Work instructions: Transcribe everything in the listing as written, and let no image into the copy.

Collected material:
^^^^^^^^
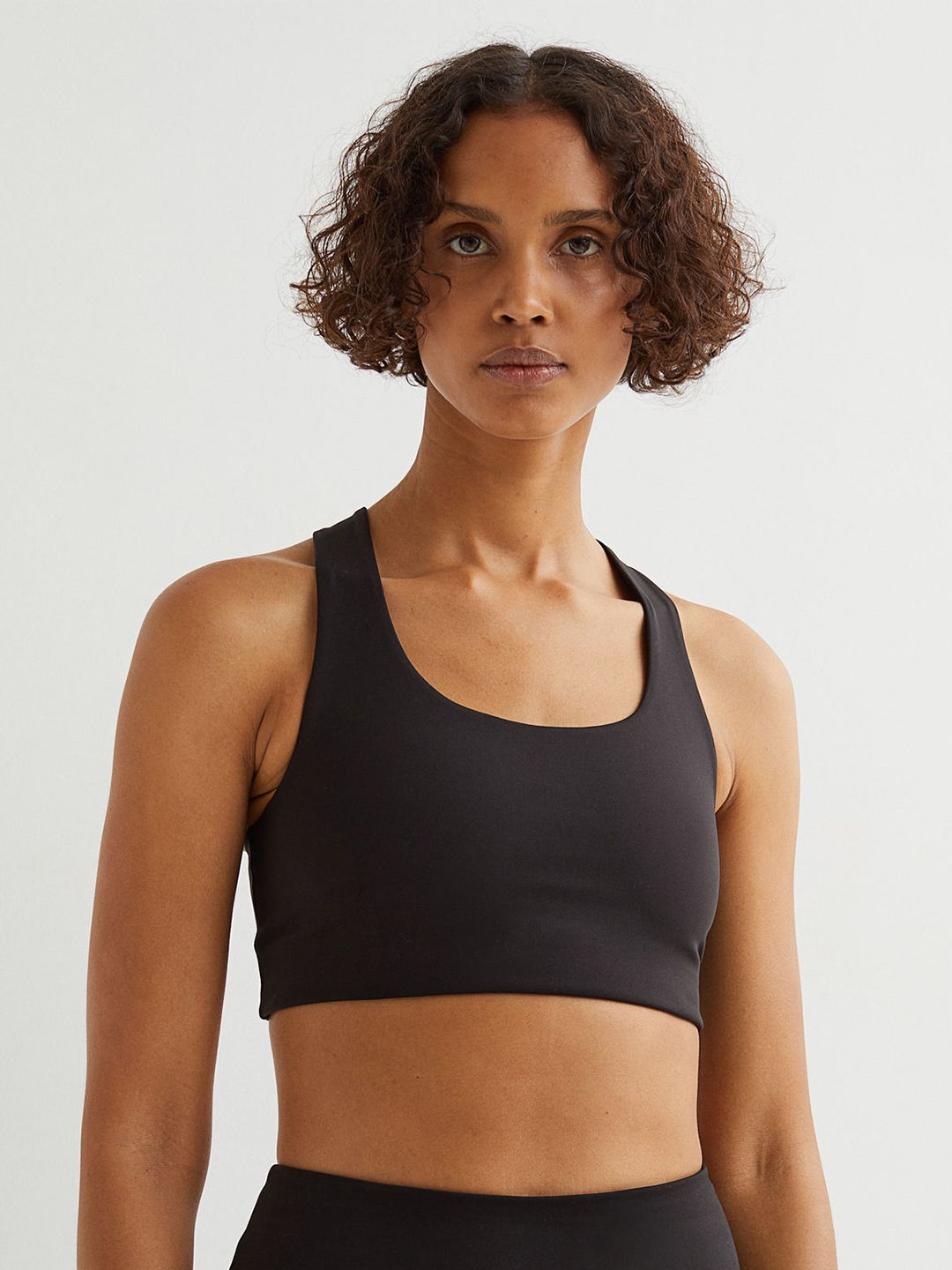 H&M Black Solid Medium Support Sports Bra Price in India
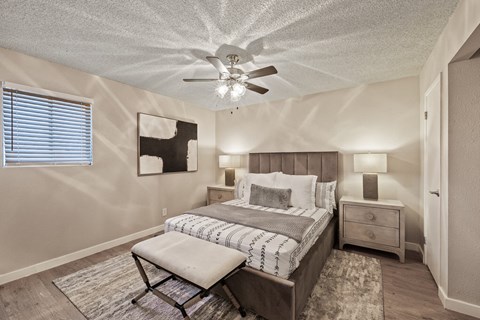 A bedroom with a bed, chair, and ceiling fan.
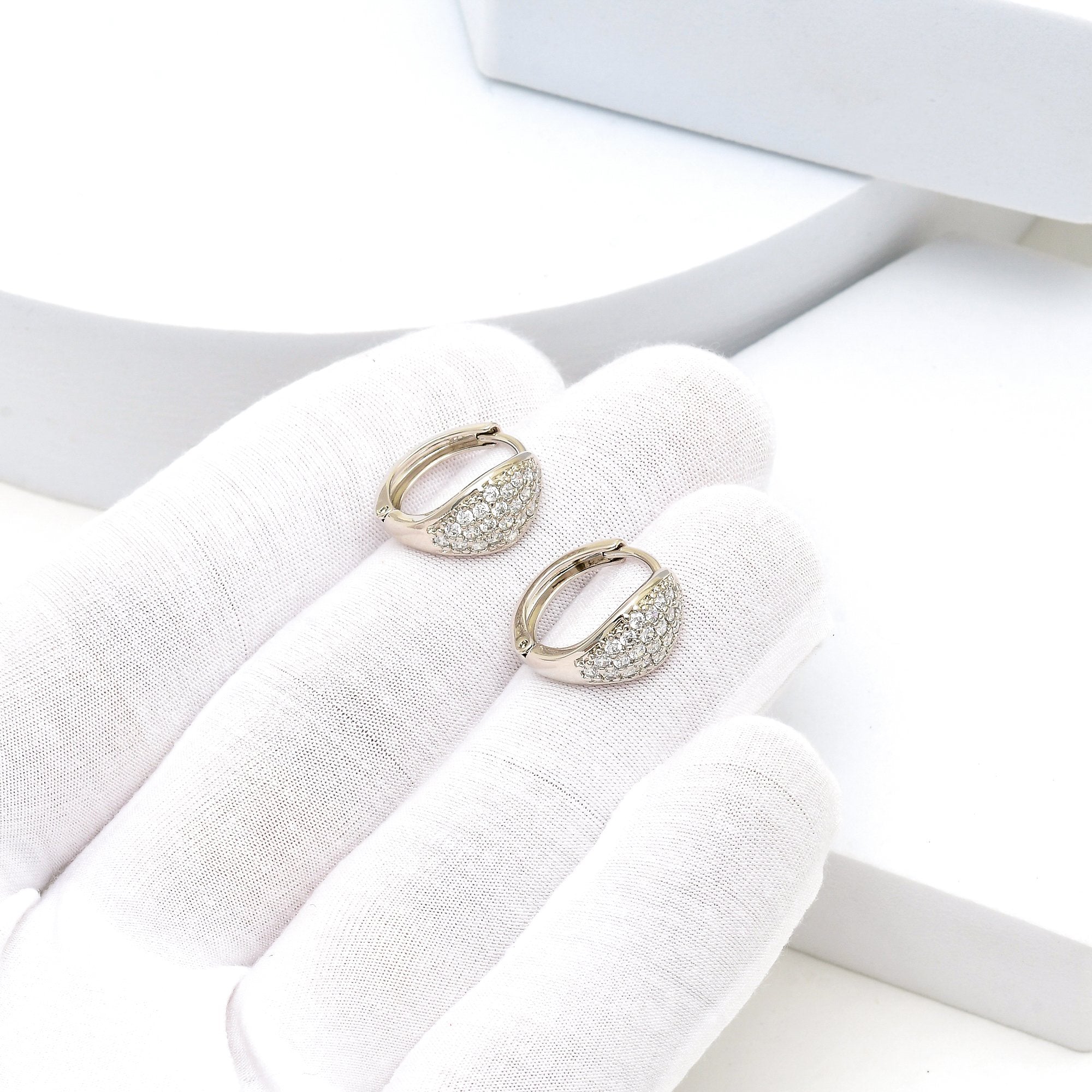     Close-up of minimal luxury mini hoops designed for daily styling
^^^^^^^^
Task solution:
 H&M Black Solid Medium Support Sports Bra Price in India
 A bedroom with a bed, chair, and ceiling fan.
     Close-up of minimal luxury mini hoops designed for daily styling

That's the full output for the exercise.